Tant que nos soldats ne travaillèrent qu’à la route, les Kabyles crurent que nous préparions le chemin de notre retraite ; mais lorsqu’ils virent sortir de terre les murs de Fort-Napoléon, grandir et s’achever en quatre mois le relief du fantôme blanc qui, suivant leur expression naïve, répète chaque jour à la montagne : Souviens-toi ! ils comprirent la situation, — témoin ce vieillard des Aït-Iraten qui, regardant les murailles naissantes et fermant les yeux, se prit à dire : « Quand on meurt, les yeux se ferment ; moi, je ferme les miens, parce que nous sommes morts pour toujours. » — C’est bien aussi le sentiment qui respire dans leurs chansons d’alors, leurs chansons, seuls monumens, on le sait, qui gardent quelque trace de leurs impressions, de leurs pensées et même de leur histoire :


« O mes yeux, pleurez, pleurez des larmes de sang ! s’écrie un poète des Aït-Douela[2]. Les Français, en s’abattant sur les Aït-Iraten, étaient plus nombreux que les étourneaux.
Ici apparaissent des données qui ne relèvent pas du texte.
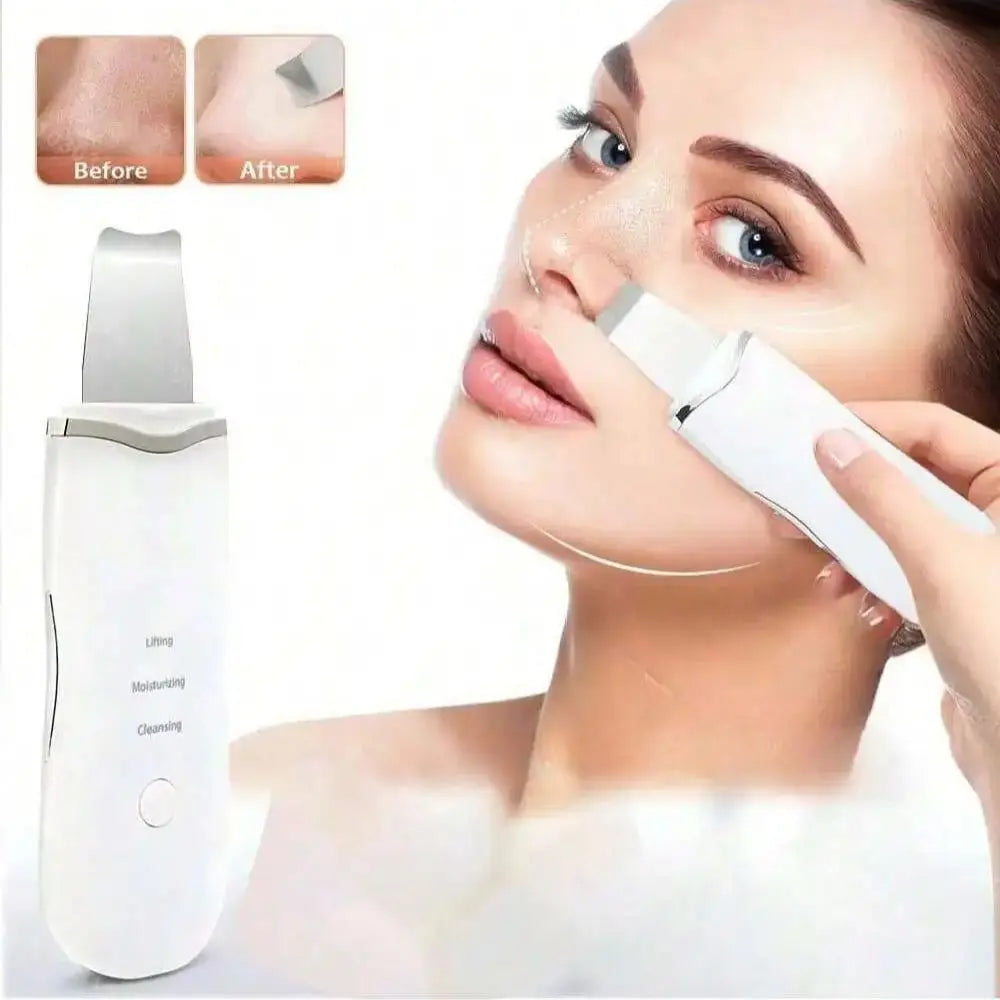 Beauty n Body™ Ultrasonic Skin Scrubber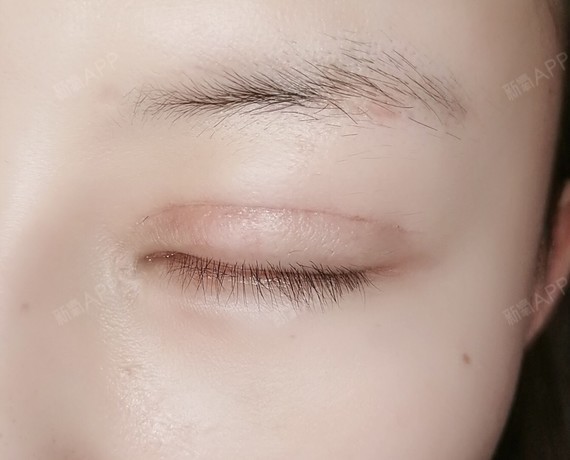 眉弓眉毛伤口 兄弟我又去切双眼皮了牛逼吗 哈哈 圈子 新氧美容整形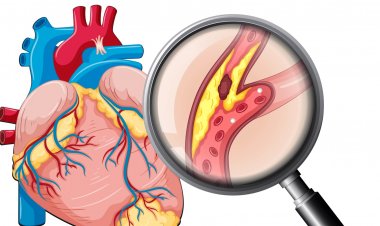 Giảm chiều cao là dấu hiệu của nguy cơ tử vong do đột quỵ và tim mạch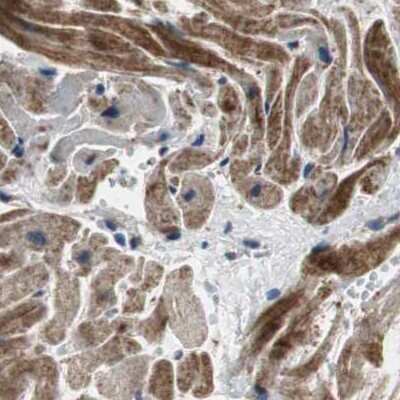 Immunohistochemistry-Paraffin: PITRM1 Antibody [NBP1-81728]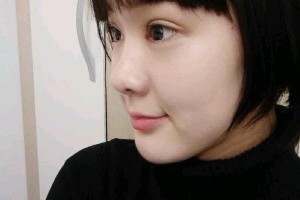 武漢天佑醫(yī)院整形雙眼皮行不行？真人圖片對比+醫(yī)生推薦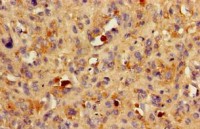 Anti-BACE1 / BACE Antibody MX-C498437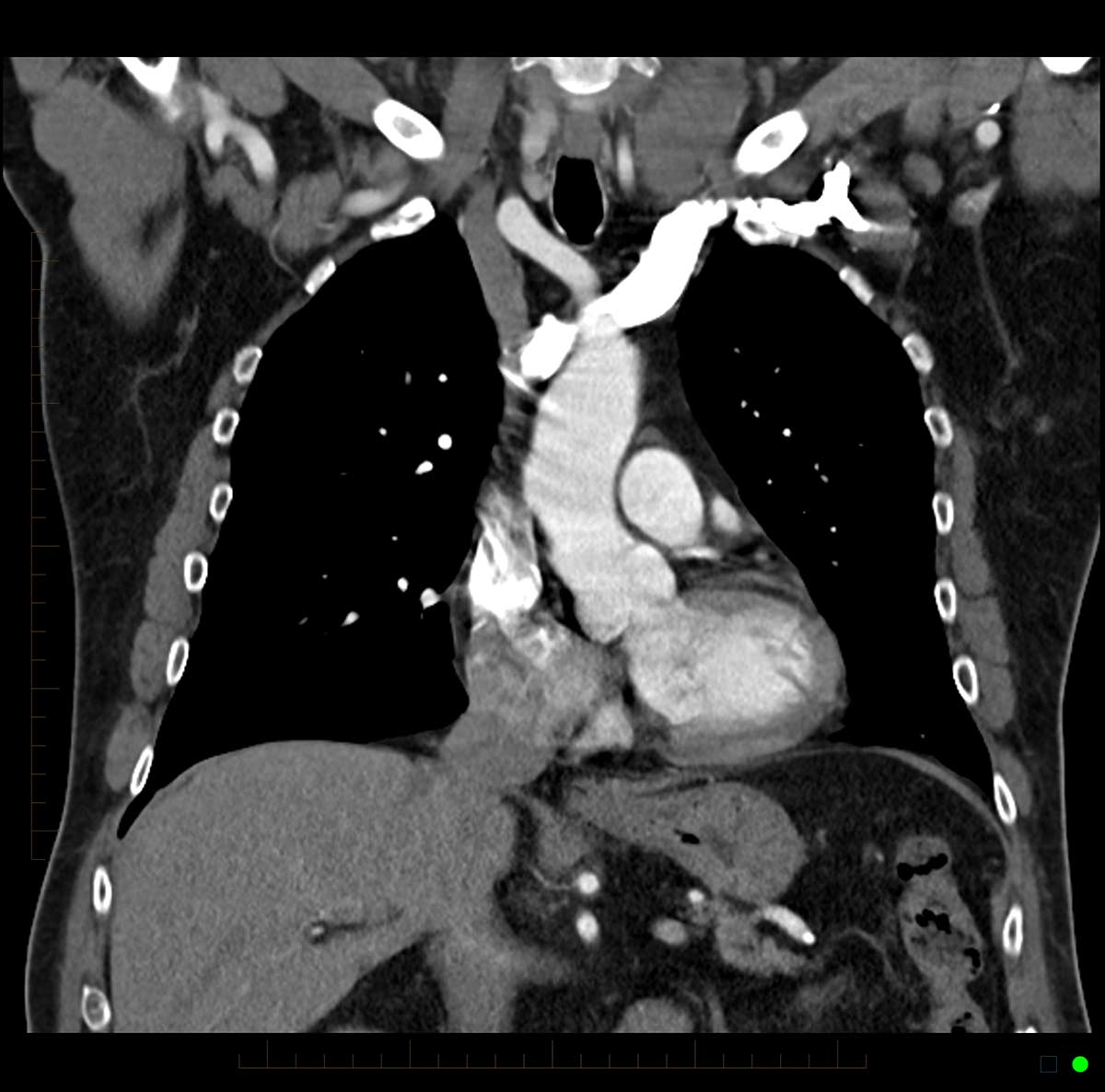 Chest CT Scan 5 - Melbourne Radiology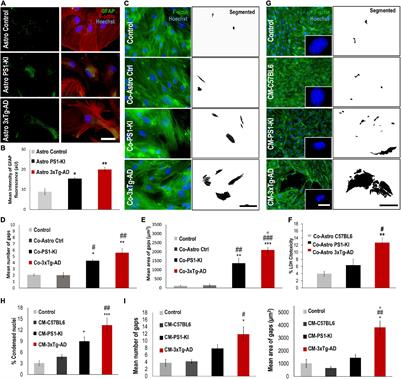 Extracellular Vesicles From 3xTg-AD Mouse and Alzheimer’s Disease Patient Astrocytes Impair Neuroglial and Vascular Components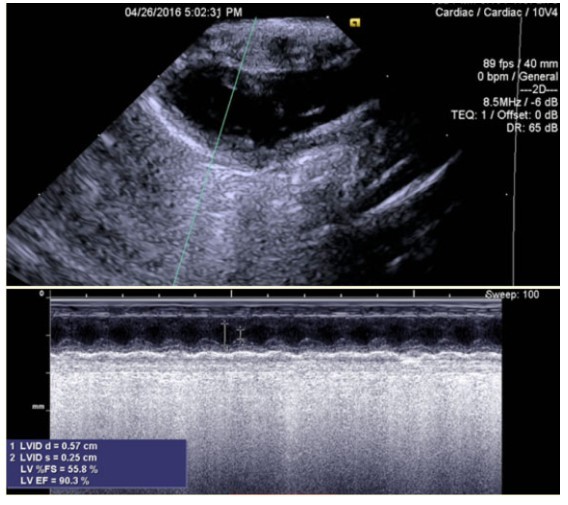北京协和医院治心脏好吗,体外心脏震波治疗系统
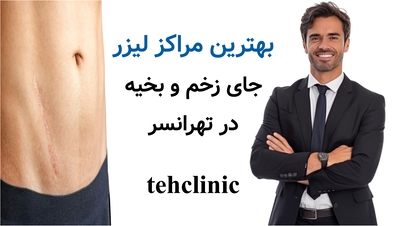 بهترین مراکز لیزر جای زخم و بخیه در تهرانسر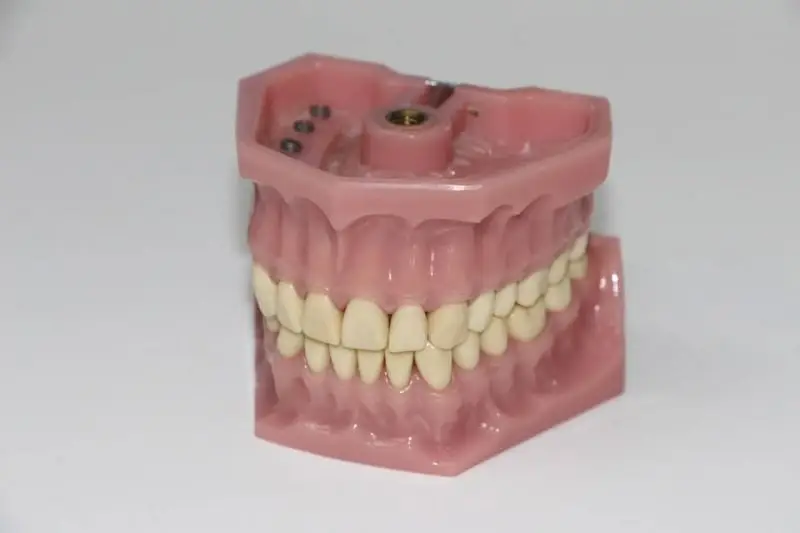 history of dentures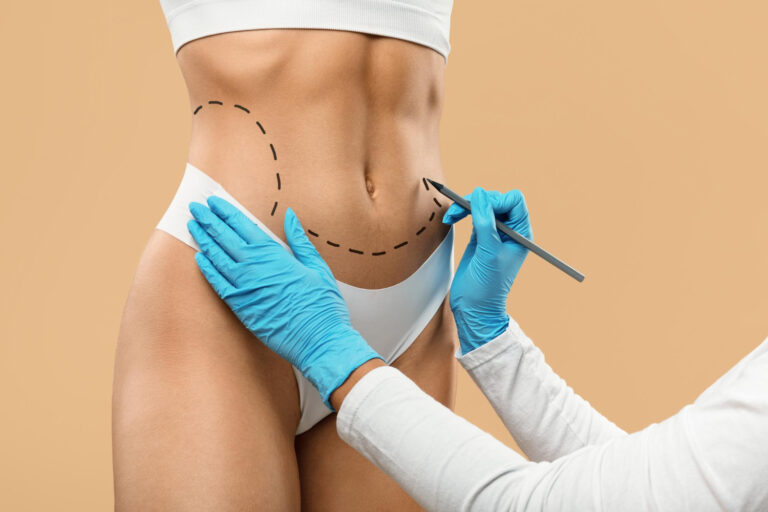 Liposuction-in-Dubai-Results-Week-by-Week-What-to-Expect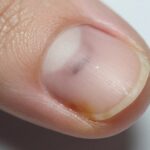 czerniak paznokcia zdjęcie pokazujące ciemne przebarwienie pod płytką paznokciową
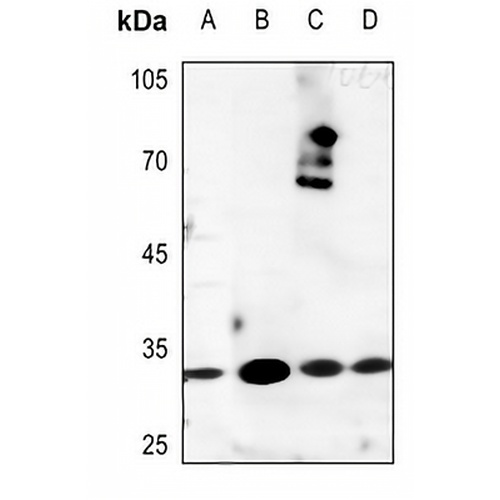 Kallikrein 3 Rabbit Polyclonal Antibody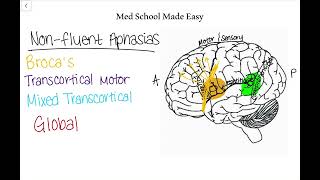 NonFluent Aphasias Made Easy How to Distinguish and Remember Them [upl. by Joash]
Ils s’avancent, le canon mugit ; les saints ont disparu d’au milieu de nous… Que de richesses perdues ! L’huile coule comme des rivières… Voilà le chrétien arrivé à l’Arba[3] ; il commence à y bâtir ; les pleurs conviennent à tous les yeux !… Les Aït-Menguellet sont des hommes vaillans ; ils sont connus depuis longtemps pour les maîtres de la guerre… Ils se précipitent à Icheriden ; ce jour-là, l’ennemi tombe comme des branches d’arbres que l’on coupe… Gloire à ces enfans des braves ! Mais, hélas ! le chrétien nous a piles comme des glands… Si l’islam refuse de faire la guerre sainte, autant vaut nous associer à la religion des chrétiens !… Malheureux Aït-Ienni, gens à la poudre meurtrière ! les Français sont entrés chez vous comme dans un troupeau de

  1. Pendant toute la campagne, le soldat eut ses vivres assurés comme en garnison. Les blessés et les malades, transportés sur des litières dans la vallée du Sebaou, y trouvaient pour les recevoir des voitures qui, en quelques heures, les portaient à l’hôpital de Tizi-Ouzou.
  2. Tribu voisine et à l’ouest des Aït-Iraten.
  3. Arba ou Souk-el-Arba est le nom de l’emplacement où s’élève Fort-Napoléon.